2.The decision of the Second Respondent dated 27 August 2018 be set aside.
3.A writ of mandamus issue, remitting the matter to the Second Respondent, differently reconstituted, for redetermination according to law.
4.A writ of prohibition issue, prohibiting the First Respondent and his delegates, servants and agents from acting upon or giving effect to the decision of the Second Respondent.
5.The First Respondent pay the Applicant’s costs as agreed in the amount of $7,275.
Note: The form of the order is subject to the entry in the Court’s records.
Note: The Court may vary or set aside a judgment or order to remedy minor typographical or grammatical errors (r 17.05(2)(g) Federal Circuit and Family Court of Australia (Division 2) (General Federal Law) Rules 2021 (Cth)), or to record a variation to the order pursuant to r 17.05 Federal Circuit and Family Court of Australia (Division 2) (General Federal Law) Rules 2021 (Cth).
REASONS FOR JUDGMENT
JUDGE OBRADOVIC:
This is an application for judicial review of a decision of the Immigration Assessment Authority (“the Authority”) who is the second respondent. The decision of the Authority was made on 27 August 2018 and affirmed the decision of a delegate (“the delegate”) of the Minister for Home Affairs (“Minister”), the first respondent, to refuse the applicant a Safe Haven Enterprise Visa (“SHEV”).

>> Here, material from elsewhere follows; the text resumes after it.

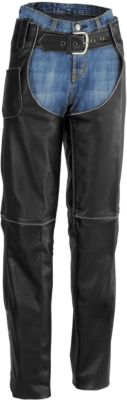 RIVER ROAD WOMEN'S RAMBLER LEATHER CHAP -  Cruiser Pants And Chaps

The applicant raised two grounds for judicial review which were argued in the alternative:
(a)Ground 1: that in considering, under s.36(2B)(a) of the Migration Act1958 (Cth), whether it would be reasonable for the applicant to relocate the Authority failed to consider impediments to relocation expressly raised by the applicant, or alternatively misunderstood or misconstrued the applicant’s claims, and thus fell into jurisdictional error.
(b)Ground 2: that the Authority failed to consider whether the applicant’s claims were “new information” within the meaning of s.473DC of the Act, and if so, whether exceptional circumstances existed within the meaing of s.473DD such that the information should be considered.
BACKGROUND
The applicant is a citizen of Afghanistan of Tajik ethnicity, from the Province of Logar. He arrived in Australia by boat and was detained on Christmas Island on 10 June 2013.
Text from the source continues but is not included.